Slow Decline (1600-1900)

The fast money from the colonies kept Spain from seeing the dangers at home. The country stopped growing its own wheat and neglected its fields. Great Britain and the Netherlands were the rising sea-trading powers in the new global economy. During the centuries when science and technology developed as never before in other European countries, Spain was preoccupied by its failed colonial politics. (Still, 1600s Spain produced the remarkable painter Diego Velázquez.)

By 1700, once-mighty Spain lay helpless while rising powers France, England, and Austria fought over the right to pick Spain’s next king in the War of the Spanish Succession (1701-1714), which was fought partly on Spanish soil (Britain held out against the French in the Siege of Gibraltar). Spanish king Charles II didn’t have an heir, so he willed his kingdom to Louis XIV’s grandson, Philip of Anjou, who was set to inherit both France and Spain. But the rest of Europe didn’t want powerful France to become even stronger. The war ended in compromise: Philip became king of Spain (Spain lost several possessions), but he had to renounce claims to any other thrones. The French-born, French-speaking Bourbon King Philip V (1683-1746) ruled Spain for 40 years. He and his heirs made themselves at home, building the Versailles-like Royal Palace in Madrid and La Granja near Segovia.

The French invaded Spain under Napoleon, who installed his brother as king in 1808. The Spaniards rose up (chronicled by Goya’s paintings of the second and third of May 1808), sparking the Peninsular War—called the War of Independence by Spaniards—that finally won Spain’s independence from French rule.
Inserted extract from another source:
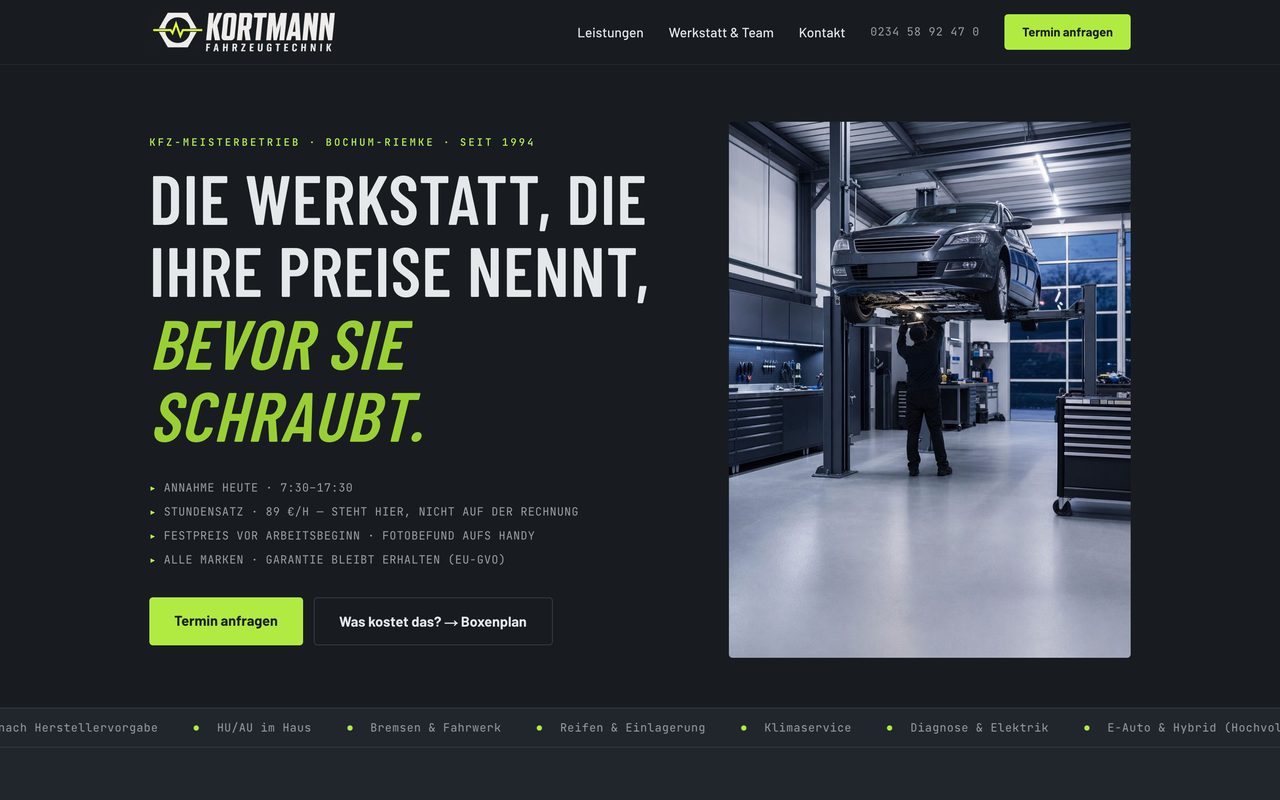 Kortmann Fahrzeugtechnik Website auf einem Monitor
Nineteenth-century Spain was a backward nation, with internal wars over which noble family should rule (the Carlist Wars), liberal revolutions put down brutally, and political assassinations. Spain gradually lost its global possessions to other European powers and to South American revolutionaries. Spain hit rock bottom in 1898, when the upstart United States picked a fight and thrashed them in the Spanish-American War, taking away Spain’s last major possessions: Cuba, Puerto Rico, and the Philippines.

The 20th Century

A drained and disillusioned Spain was ill-prepared for modern technology and democratic government.
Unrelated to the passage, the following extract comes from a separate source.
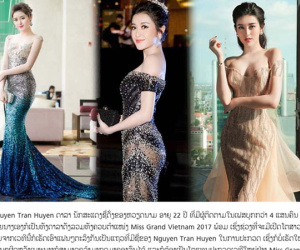Huyền My được truyền thông Campuchia, Lào đánh giá cao tại Miss Grand 2017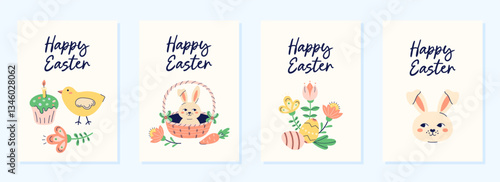 Happy Easter 4 cute cards collection. Design with text on light beige background. Happy Easter hand drawn card. Flat illustration with partial outline. Vector illustration.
The old ruling class (the monarchy, church, and landowners) fought new economic powers (cities, businessmen, labor unions) in a series of coups, strikes, and sham elections. In the 1920s, a military dictatorship under Miguel Primo de Rivera kept the old guard in power. In 1930 he was ousted and an open election brought a modern democratic Republic to power. But the right wing regrouped under the Falange (fascist) party, fomenting unrest and sparking a military coup against the Republic in 1936, supported by General Francisco Franco (1892-1975).

For three years (1936-1939), Spain fought a bloody civil war between Franco’s Nationalists (also called Falangists) and the Republic (also called Loyalists). Some 500,000 Spaniards died (due to all causes), and Franco won. (For more on the Spanish Civil War, see here.) For nearly the next four decades, Spain was ruled by Franco, an authoritarian, church-blessed dictator who tried to modernize the backward country while shielding it from corrupting modern influences. Spain was officially neutral in World War II, and the country spent much of the postwar era as a world apart. (On my first visit to Spain, in 1973, I came face-to-face with fellow teenagers—me in backpack and shorts, the Spaniards in military uniforms, brandishing automatic weapons.)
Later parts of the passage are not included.